2019–2020
Director Compensation Report
The State of Director Compensation
Compensation of nonemployee directors is a critical element in the overall governance of any company. Well-designed compensation not only helps to align the interests of shareholders and directors but also provides value to directors for value received. The 2019–2020 Director Compensation Report, produced in collaboration with Pearl Meyer, offers insights into compensation trends and changes based on data from 1,400 public companies in 24 industries.
Key Findings
Cash Retainers Increased More Than Stock Awards
Cash retainers for all firms grew 6 percent, while stock awards grew only 4 percent year-over-year. Annual board cash retainers continue to be the most prevalent element of board compensation, with virtually all companies (97%) providing an annual cash retainer to directors with 93 percent of companies granting equity.

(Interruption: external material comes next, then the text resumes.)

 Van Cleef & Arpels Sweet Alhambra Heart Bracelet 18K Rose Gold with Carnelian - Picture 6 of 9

Board Leadership Pay Increases
Nonexecutive chairs saw a 7 percent increase in total director compensation from 2018 to 2019, while lead directors saw a 3.8 percent increase. Overall board compensation increased just 2 percent year over year.
One-year Vesting Period Remains Prevalent
Fifty-three percent of companies that grant full-value shares use a one-year cliff vesting term, while 43 percent of stock options vest after one year.

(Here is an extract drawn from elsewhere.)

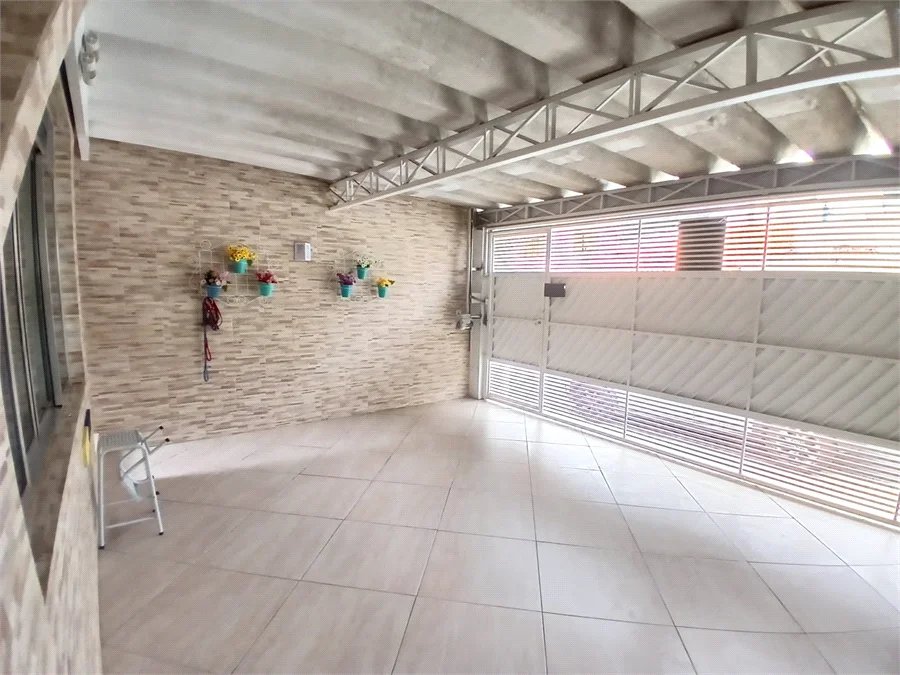 Casa à venda com 3 quartos, sendo 1 suíte, em Vila Rica, São Paulo, SP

About NACD's Director Compensation Report
NACD works with Pearl Meyer annually to report on nonemployee director compensation. Together, we analyze proxy statements, US Securities and Exchange Commission filings, and other data to deliver insights into the state of board compensation for public companies from a wide range of industries. A related publication, the Director Compensation: Summary Statistics, is available from Pearl Meyer and provides additional data on director compensation by industry and company size. For further information or compensation consultation, please contact Jannice Koors, managing director at Pearl Meyer, by emailing nacddirectorpay@pearlmeyer.com.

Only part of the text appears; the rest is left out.